All targets to be scraped are grouped into jobs, depending on the purpose that those targets serve. For example the job to scrape all host-level data for a given location using node-exporter will be called node and each target will be listed as hostname:9100. Similarly there could be jobs for varnish, mysql, etc.

Each prometheus server is meant to be stand-alone and polling targets in the same failure domain as the server itself as appropriate (e.g. the same datacenter, the same vlan and so on). For example this allows to keep the monitoring local to the datacenter and not have spotty metrics upon cross-datacenter connectivity blips. (See also Federation)

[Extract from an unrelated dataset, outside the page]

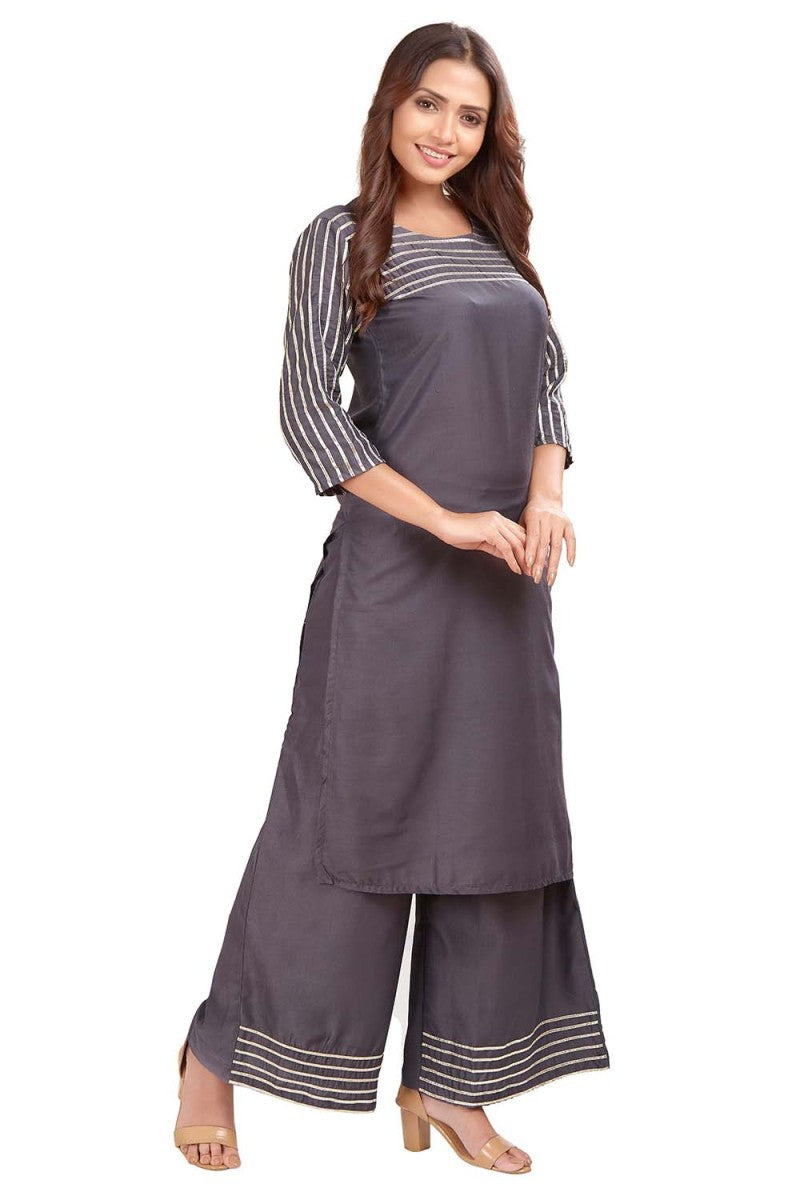 Smart Casual Plazzo Kurti Set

Prometheus single server.png

Exporters

The endpoint being polled by the prometheus server and answering the GET requests is typically called exporter, e.g. the host-level metrics exporter is node-exporter.

Each exporter serves the current snapshot of metrics when polled by the prometheus server, there is no metric history kept by the exporter itself. Further, the exporter usually runs on the same host as the service or host it is monitoring.

Storage

Why just stand-alone prometheus servers with local storage and not clustered storage? The idea behind a single prometheus server is one of reliability: a monitoring system must be more reliabile than the systems it is monitoring. It is certainly easier to get local storage right and reliable than clustered storage, especially important when collecting operational metrics.

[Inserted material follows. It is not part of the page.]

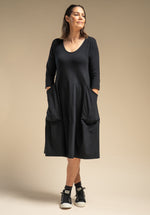 Pippi Dress Black organic cotton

See also prometheus storage documentation for a more in-depth explanation and storage space requirements.

High availability

With local storage being the basic building block we can still achieve high-availability by running more than one server in parallel, each configured the same and polling the same set of targets. Queries for data can be routed via LVS in an active/standby fashion.

Prometheus HA server.png

Backups

For efficiency reasons, prometheus spools chunks of datapoints in memory for each metric before flushing them to disk. This makes it harder to perform backups online by simply copying the files on disk. The issue of having consistent backups is also discussed in prometheus #651.

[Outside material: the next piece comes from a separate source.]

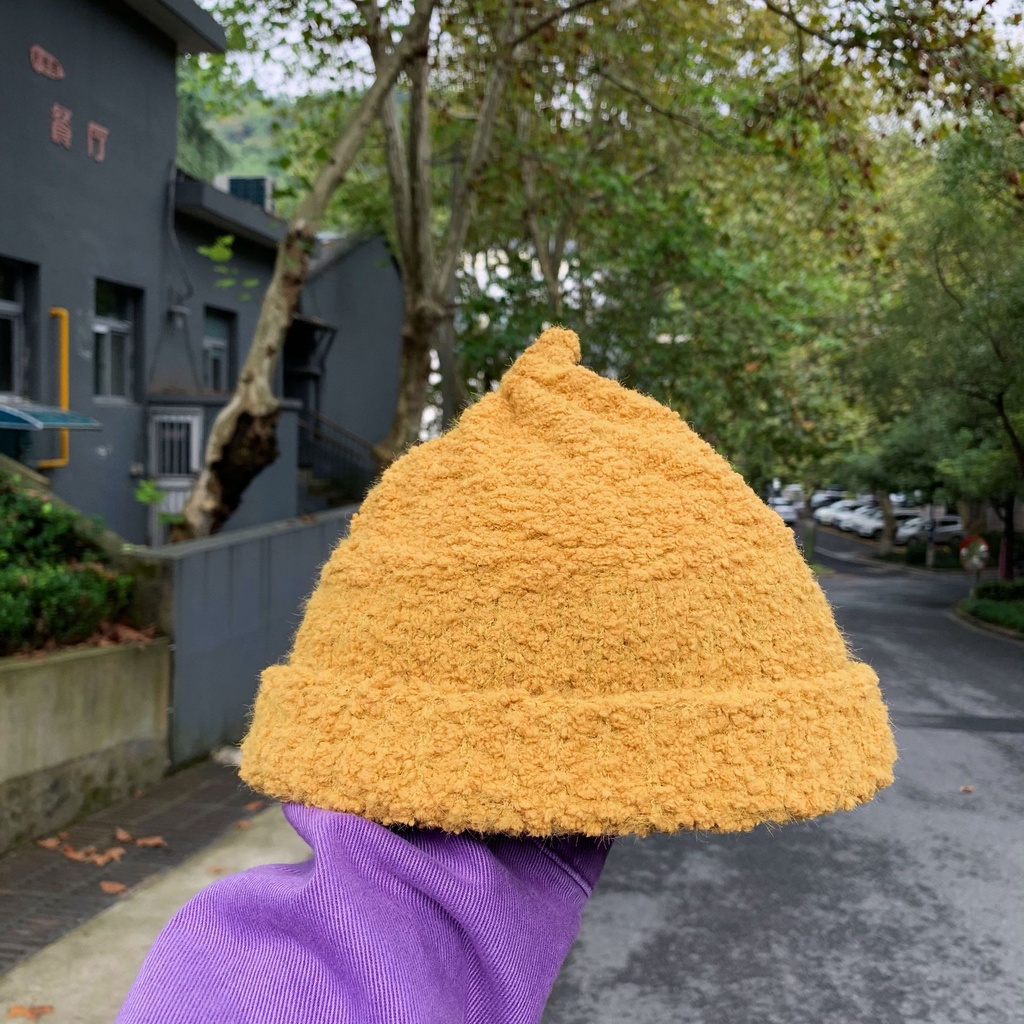 Nón lông cừu phong cách Nhật Bản dễ thương dành cho nữ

Notwithstanding the above, it should be possible to backup the prometheus local storage files as-is by archiving its storage directory with tar before regular (bacula) backups. Since the backup is being done online it will result in some inconsistencies, upon restoring the backup Prometheus will crash-recovery its storage at startup.

To perform backups of consistent/clean state, at the moment prometheus needs to be shutdown gracefully, therefore when running an active/standby configuration backup can be taken on the standby prometheus to minimize its impact. Note that the shutdown will result in gaps in the standby prometheus server for the duration of the shutdown.

Failure recovery

In the event of a prometheus server having an unusable local storage (disk failed, FS failed, corruption, etc) failure recovery can take the form of:

  • start with empty storage: of course it is a complete loss of metric history for the local server and will obviously fully recover once the metric retention period has passed.
  • recover from backups: restore the storage directory to the last good backup
  • copy data from a similar server: when deployed in pairs it is possible to copy/rsync the storage directory onto the failed server, this will likely result in gaps in the recent history though (see also Backups)

Federation

Each prometheus server is able to act as a target to another prometheus server by means of federation. Our use case for this feature is primarily hierarchical federation, namely to have a 'global' prometheus that aggregates datacenter-level metrics from prometheus in each datacenter.

See also federation documentation

Service Discovery

Prometheus supports different kinds of discovery through its configuration. For example, in role::prometheus::labs_project implements auto-discovery of all instances for a given labs project. file_sd_config is used to continuously monitor a set of configuration files for changes and the script prometheus-labs-targets is run periodically to write the list of instances to the relative configuration file. The file_sd files are reloaded automatically by prometheus, so new instances will be auto-discovered and have their instance-level metrics collected.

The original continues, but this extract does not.